Kuldip Yadav

Personal information
- Born: 15 October 1996 (age 29)
- Batting: Left-handed
- Bowling: Left-arm fast-medium
- Role: Bowler

Domestic team information
- 2021–2023: Rajasthan Royals (squad no. 15)
- 2022–present: Delhi
- Source: ESPNcricinfo, 18 November 2019

= Kuldip Yadav =

Indian cricketer (born 1996)

Kuldip Yadav (born 15 October 1996) is an Indian cricketer who represents Delhi in domestic cricket and previously played for Rajasthan Royals in the Indian Premier League (IPL). He is a left-arm fast bowler.

==Career==
Yadav hails from Mokalwas village in Pataudi. He was coached by Amit Kumar.

In November 2019, he was named in India U-23 squad for the 2019 ACC Emerging Teams Asia Cup, held in Bangladesh. He made his List A debut for India Emerging Team, against Hong Kong Emerging Team, in the Emerging Teams Cup on 18 November 2019.

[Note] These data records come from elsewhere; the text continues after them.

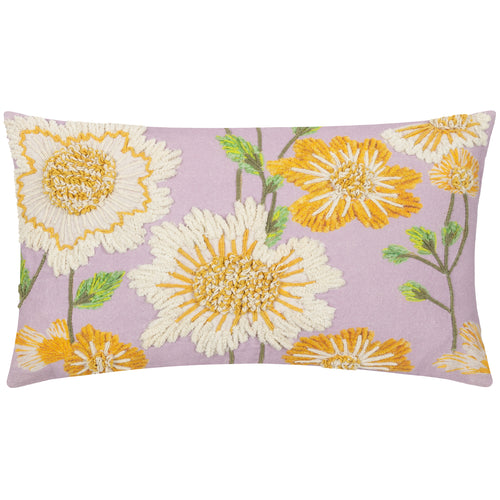 Floral Purple Cushions - Chrysantha Floral Embroidered Cushion Cover Lilac Wylder Nature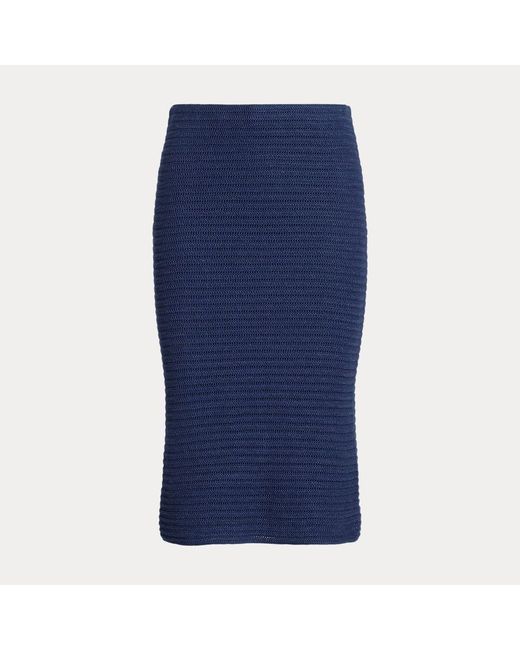 Falda de tubo de punto de algodón y lino Lauren by Ralph Lauren de color Blue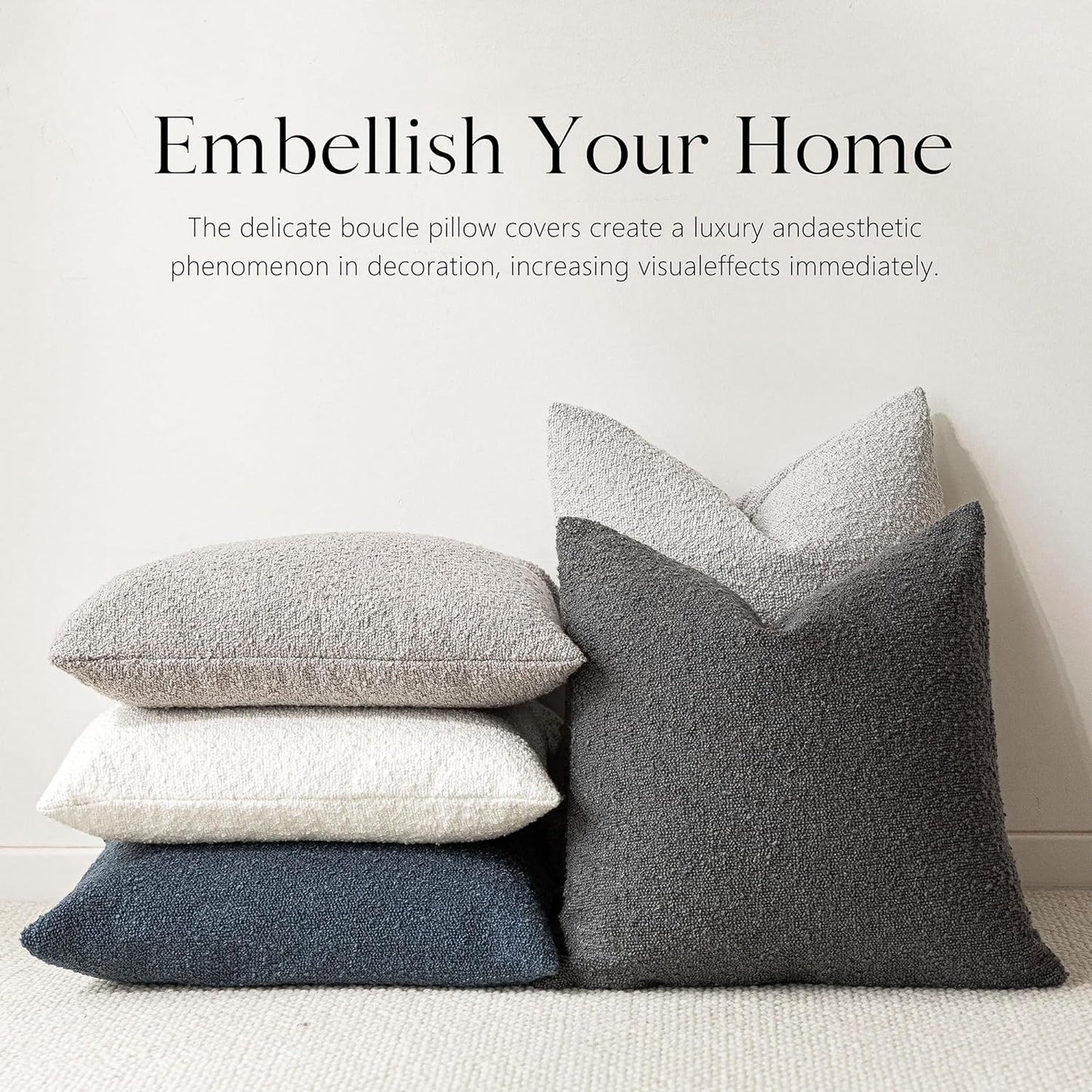 Foindtower Pack of 2 Textured Boucle Throw Pillow Covers Accent Solid Decorative Pillow Cases Cozy Woven Couch Cushion Case for Sofa Bedroom Living Room Home Decor, 20 x 20 Inch,Dark Grey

In February 2021, Yadav was bought by the Rajasthan Royals in the IPL auction ahead of the 2021 Indian Premier League (IPL). He was picked in Rajasthan after being impressive in the trials on Nagpur Academy. He made his Twenty20 debut on 5 October 2021, for Rajasthan Royals against Mumbai Indians in the 2021 IPL. He was released by Rajasthan ahead of the mega auction for 2022 Indian Premier League.

In February 2022, he was re-bought by the Rajasthan Royals in the auction for the 2022 Indian Premier League tournament.

He made his first-class debut on 17 February 2022, for Delhi in the 2021–22 Ranji Trophy.